Steps in a data analysis
- Define the question
- Define the ideal data set
- Determine what data you can access
- Obtain the data
- Clean the data
- Exploratory data analysis
- Statistical prediction/modeling
- Interpret results
- Challenge results
- Synthesize/write up results
- Create reproducible code
You will have either a surplus or insufficient information in order to solve your problems.
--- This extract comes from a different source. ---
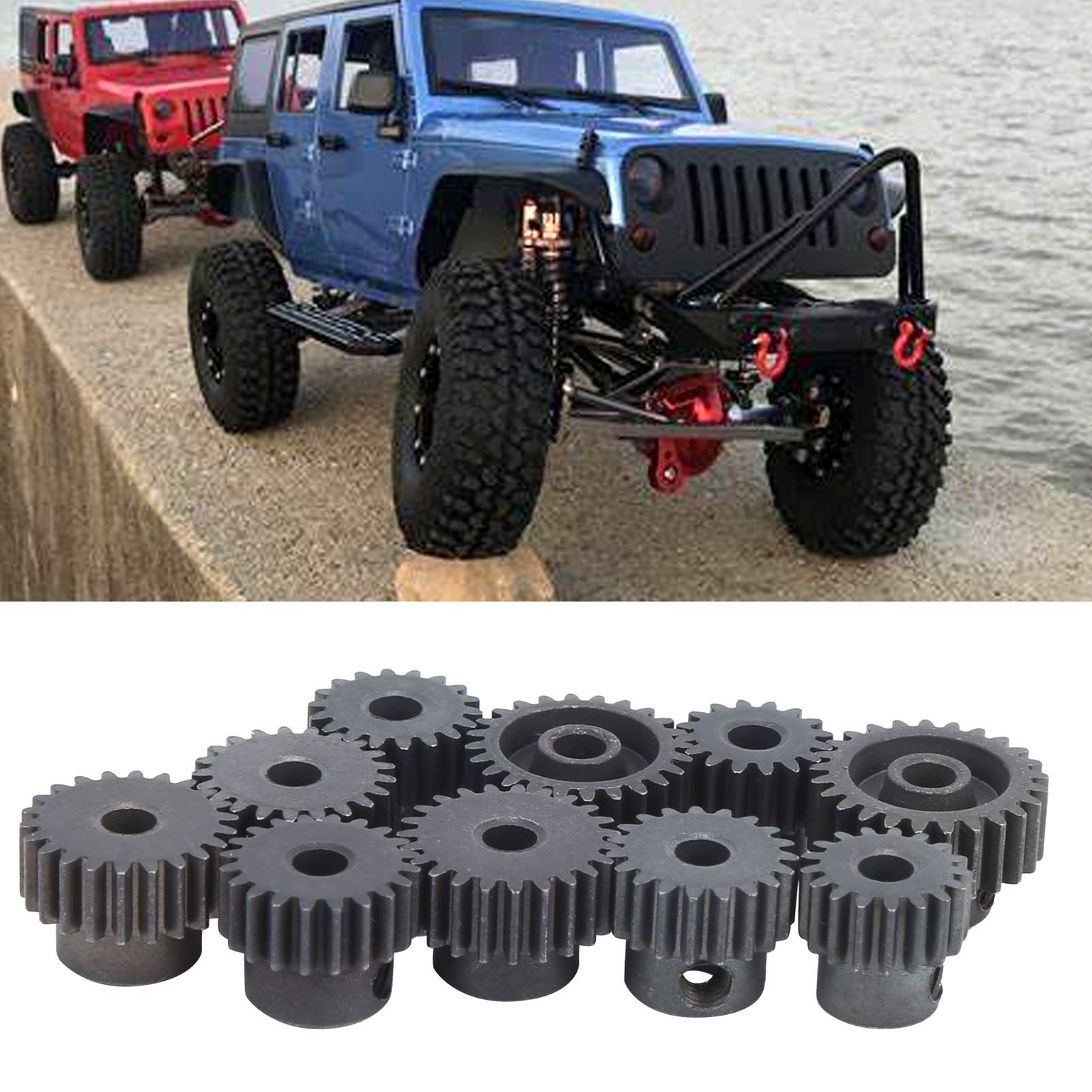 10Pcs/Set 16T‑25T 7075 48P Steel RC Car Motor Gear Pinion For 1/8 1/10 Brushless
Defining a question as narrowly as possible will help to reduce the noise in solving your problem.
e.g.,
Start with a general question: Can I automatically detect e-mails that are spam or not?
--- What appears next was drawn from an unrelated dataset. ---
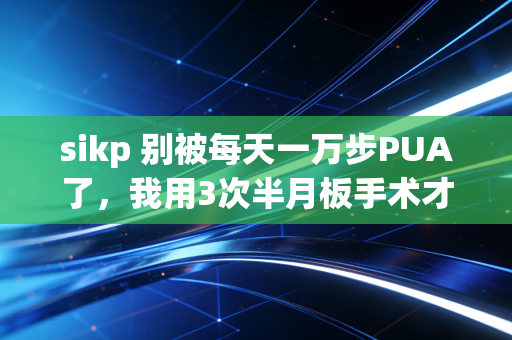 sikp 别被每天一万步PUA了，我用3次半月板手术才懂，体育的本质从来不是逼自己玩命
Make it concrete: Can I use quantitative characteristics of the emails to classify them as spam?
Defining the ideal data set
- descriptive - a whole population
- exploratory - a random sample with many variables measured
- inferential - the right population, randomly sampled
- predictive - a training and test data set from the same population
- causal - data from a randomized study
- mechanistic - data about all components of the system
Determine what data you can access
- Sometimes you can find free data on the web
- Other times you may need to buy the data
- Be sure to respect Terms of Use
- If the data doesn't exist, you may need to generate it yourself
Obtain the data
- Try to obtain the raw data
- Be sure to reference the source
- Polite emails go a long way
- If you load the data from an internet source, record the URL and time accessed
Clean the data
- Raw data often needs to be processed
- If it is pre-processed, make sure you understand how
- Understand the source of the data (census sample, convenience sample, etc.)
- May need reformatting, subsampling - record those steps
- Determine if the data are good enough - if not, quit or change data
Subsampling our data set
- We need to generate a test set and a training set (prediction)
Exploratory data analysis
- Look at summaries of the data
- Check for missing data
- Create exploratory plots
- Perform exploratory analyses (e.g., clustering)
Statistical prediction/modeling
- should be informed by the results of your exploratory analysis
- exact methods depend on the question of interest
- transformations/processing should be accounted for when necessary
- measures of uncertainty should be reported
Interpret results
- Use the appropriate language (describes, correlates with/associated with, leads to/causes, predicts)
- Give an explanation
- Interpret coefficients
- Interpret measures of uncertainty
Challenge results
- Challenge all steps: question, data source, processing, analysis, conclusions
- Challenge measures of uncertainty
- Challenge choices of terms to include in models
- Think of potential alternative analyses
Synthesize/write-up results
- Lead with the question
- Summarize the analyses into the story
- Don't include every analysis; include it if it is needed for the story or to address a challenge
- Order analyses according to the story, rather than chronologically
- Include "pretty" figures that contribute to the story
Lastly, create reproducible code using Markdown, knitr, Rstudio. It will make the evidence for your conclusions much more powerful.